Mycobacterium avium ssp. paratuberculosis (MAP) is the causative agent of paratuberculosis (Johne’s disease), a chronic intestinal inflammation in ruminants. The disease affects the productivity in cattle industry due to high morbidity and mortality worldwide. The pathogenicity of MAP is nearly unresolved. Our previous results indicated that MAP persists in the host by suppressing host pro-inflammatory responses.
In the present study, we addressed the role of interferon-β (IFN-β), an important mediator in antimicrobial defense, in response to MAP infections. Using murine macrophages, we found that MAP-infected macrophages exhibited a substantially lower Ifnb expression than macrophages infected with the non-pathogenic Mycobacterium smegmatis (MSM). Induction of Ifnb in both mycobacterial species was dependent on bacterial viability and the cGAS-STING-TBK1-IRF3/IRF7 activation pathway. The higher phosphorylation of TBK1 in MSM infected macrophages indicated that MSM more efficiently activates the shared signaling cascade.

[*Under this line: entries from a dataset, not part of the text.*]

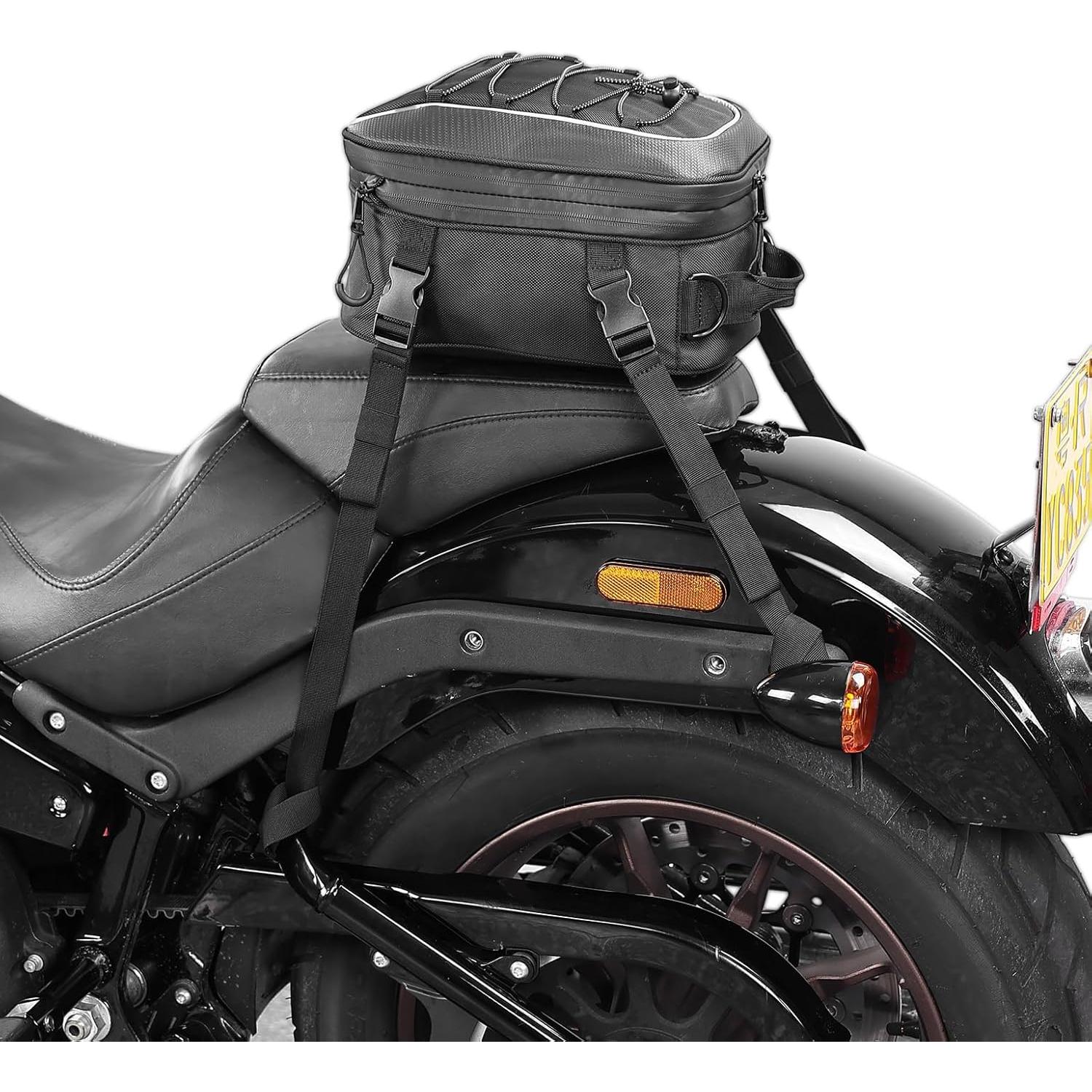 Bolsa de Cola KEMIMOTO para Motocicleta 7-14L Impermeable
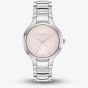 Olivia Burton Classic Lea Pink Dial Crystal Bracelet Watch 24000208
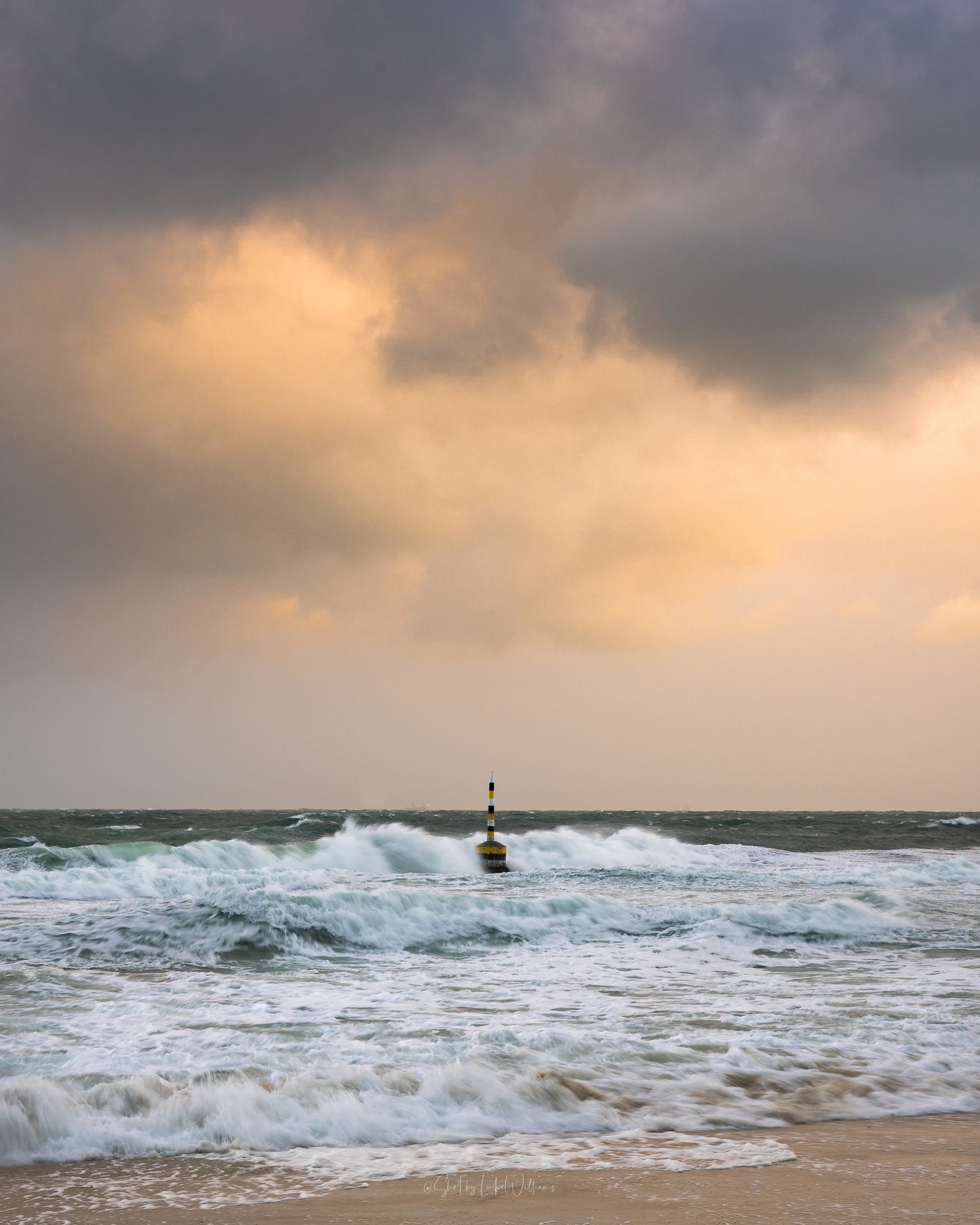 Cottesloe Pylon Stormy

After intra-peritoneal infection of mice, we found that the activation of host Ifnb upon MSM infection correlated with effective killing of MSM. In contrast, in MAP-infected cells weak Ifnb induction correlated with high granuloma numbers in the livers and survival of MAP. Infection of mice lacking the type I interferon receptor IFNAR led to increased survival of MSM. Vice versa, treatment of MAP infected wildtype mice with the IFN-β inducer poly(I:C) reduced MAP survival indicating the essential relevance of IFN-β in mycobacterial clearance.
Overall, our results strongly suggest that the weak IFN-β response of MAP-infected macrophages is a specific immune evasion mechanism that contributes to the persistence of MAP.